As Salatah al Jadidah (السلطة الجديدة; also referred to as New Salata) is a district in Qatar, located in the municipality of Doha.

==History==
As Salah Al Jadidah translates to "New Salata" and was named after the Al-Sulaiti tribe. It was founded by inhabitants of Doha's coastal As Salatah district who moved to the west of Doha in 1970s. During that time, the area was uninhabited and undeveloped; located just outside city boundaries. It was built up over the years and connected to Doha's main districts through the C-Ring Road.

==Demographics==
As of the 2010 census, the district comprised 2,733 housing units and 363 establishments. There were 15,114 people living in the district, of which 54% were male and 46% were female. Out of the 679 inhabitants, 72% were 20 years of age or older and 28% were under the age of 20. The literacy rate stood at 96.7%.

Employed persons made up 55% of the total population. Females accounted for 36% of the working population, while males accounted for 64% of the working population.

==Sports==

New Salata hosts the headquarters of Al Arabi SC and its home venue, the 13,000-capacity Grand Hamad Stadium.

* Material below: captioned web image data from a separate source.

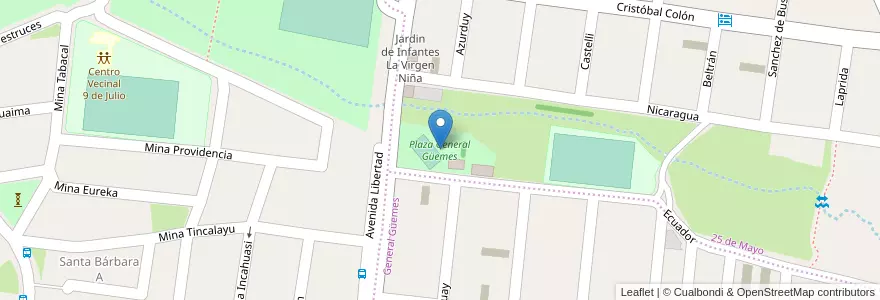 Mapa de ubicacion de Plaza General Güemes en Arjantin, Jujuy, Departamento Palpalá, Municipio De Palpalá.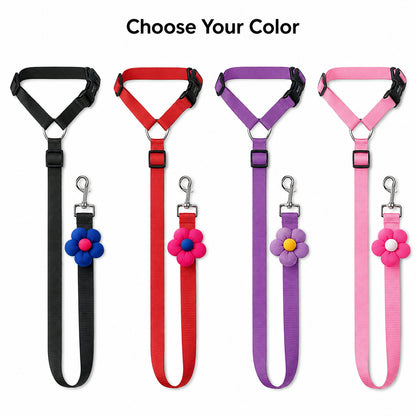 Easy Ride Upgrade 🐾✨ 2-in-1 Headrest Dog Car Seat Belt Leash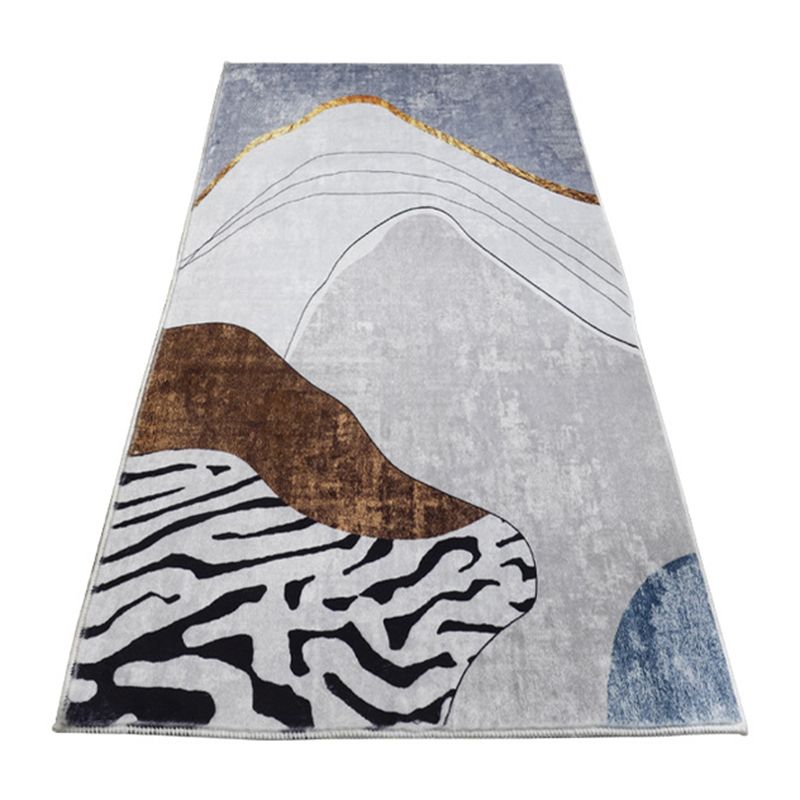 Contemporary Simple Bedroom Rug Irregular Color Block Carpet Creative Polyester Area Rug for Bedroom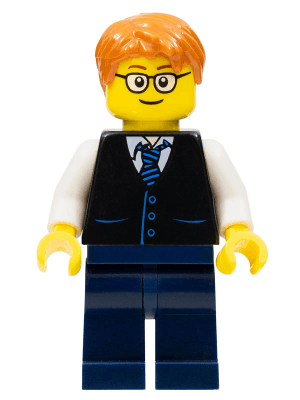 LEGO Black Vest with Blue Striped Tie Dark Orange Short Tousled Hair Rounded Glasses (twn211a) Town / City Minifigure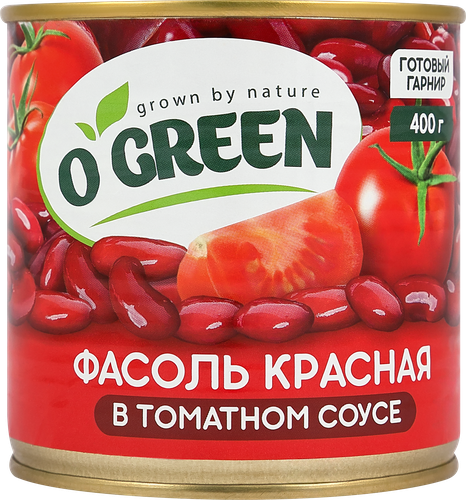 Фасоль красная в томатном соусе O`Green ж/б 400г. PL, фотография
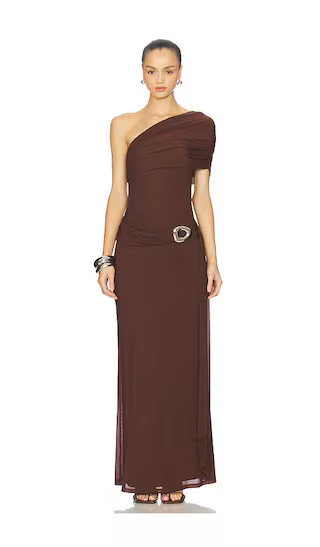 Kassi Draped One Shoulder Midi Dress in Bitter Chocolate | Revolve Clothing (Global)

The Qatar Volleyball Association (QVA) has its headquarters in New Salata.

==Visitor attractions==
New Salata Park (formerly known as Al Assiry Park) was established in 1988 and spans an area of 7,313 square meters. It was refurbished in 2004. Situated on Al-Maheem Street, the park is accompanied by various ornamental tree species and offers both a play area and a skating rink for children.

==Transport==
Major roads that run through the district are Salwa Road, C Ring Road, D Ring Road, Ali Bin Abi Taleb Street, and Rawdat Al Khail Street.